Камень рикошетом отлетает от макушки его шлема — я взял слишком высоко, не рассчитав, что он так низко нырнет, — и я не успеваю шевельнуться, как вся туша Такера врезается в меня, отбрасывая назад и выворачивая колено, на которое я, как и прежде, опирался о пол шахты для рывка.
Теперь, оказавшись в объятиях здоровяка, он делает именно то, что я ожидал от него раньше, пока мы медленно кубарем катимся по земле: он сжимает… изо всех сил.
Полная гравитация или ее отсутствие — неважно, когда тебя обхватывают руки, словно кольца анаконды. У меня почти мгновенно вышибает дух, и любое преимущество, которое у меня было, исчезает.
Мы один раз отскакиваем от земли, затем ударяемся снова и замираем у одной из стен туннеля, мое тело прижато его тушей. И тут мне несказанно везет. Все еще действуя по своим обычным боевым инстинктам для полной гравитации, Такер на мгновение ослабляет хватку, пытаясь перегруппироваться для более эффективного захвата.

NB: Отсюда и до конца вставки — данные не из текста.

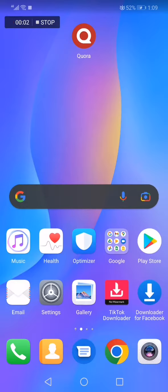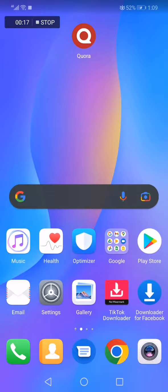How to turn on or turn off adult content on the Quora app. Hello guys, in today's video I'm going to show you how to turn on or turn off adult content on your Quora profile.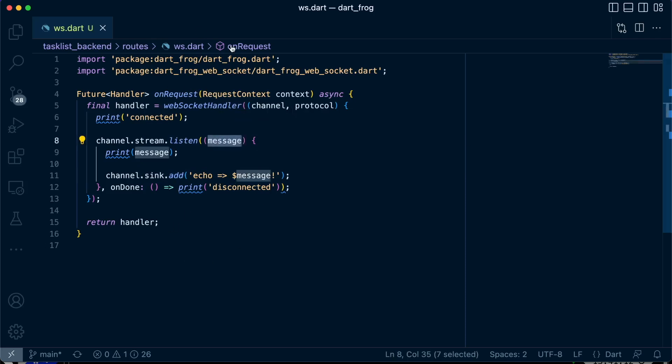So for us to see this in action, we'll need to implement it in the mobile app rather than in a Postman request. So let's proceed to the next concept in DartFrog.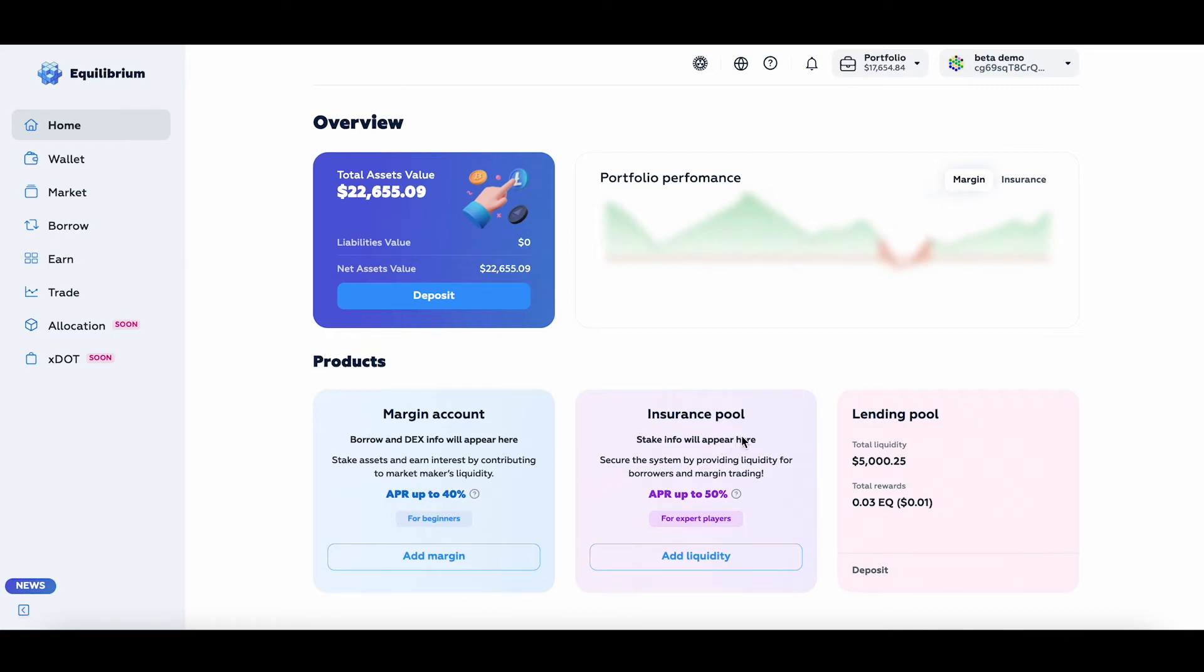In return, people who provide liquidity in the insurance pool earn elevated rewards compared to those who just earn passive income in lending pools.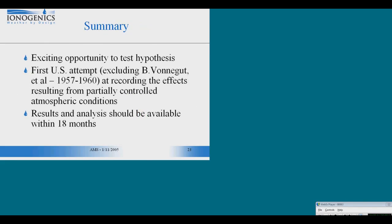So it's an exciting opportunity. Measurements like this were only made once before by Donegut in the late 1950s. We should have results and analysis within 18 months.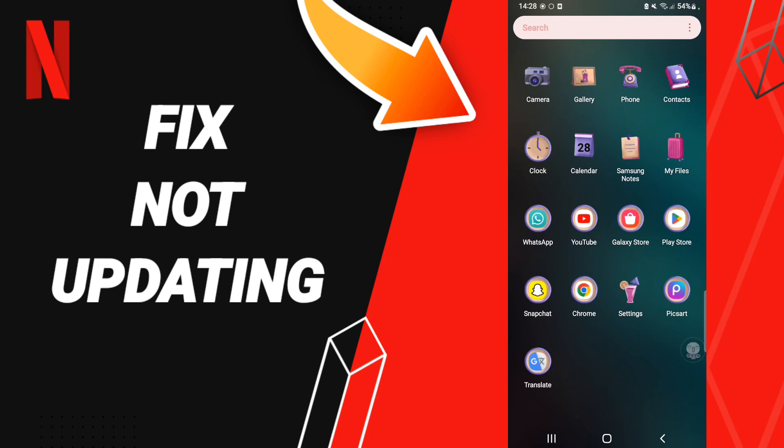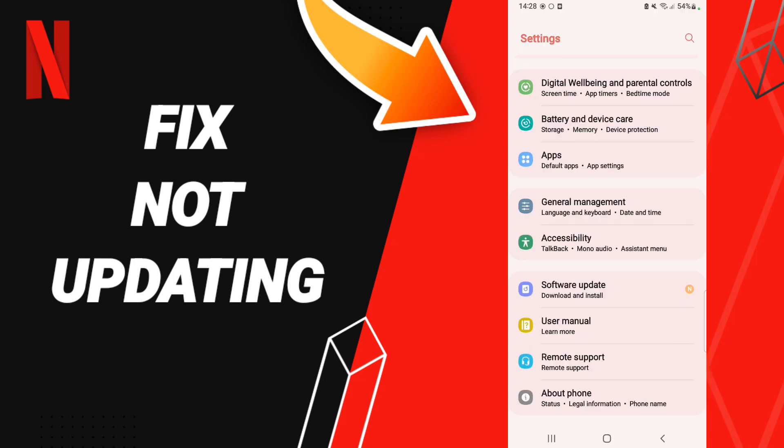To know how to fix or how to solve your Netflix, you should just go to Settings. After that, in this page you click Apps, Default apps, App Settings.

Обычно это бы сработало, поскольку он приземлился на меня, и я не смог бы достаточно быстро выбраться из-под его туши, чтобы воспользоваться этой секундной передышкой. Но в условиях низкой гравитации…
Я изо всех сил отталкиваюсь обеими руками и подтягиваю колени к груди, подбрасывая Такера прямо к потолку пещеры. Даже при слабой гравитации он не взлетит достаточно высоко, чтобы удариться — шахта широкая и высокая, около пяти метров в обе стороны, — но это и неважно, потому что он взлетает достаточно высоко, чтобы я успел откатиться в сторону и не оказаться там, где он приземлится.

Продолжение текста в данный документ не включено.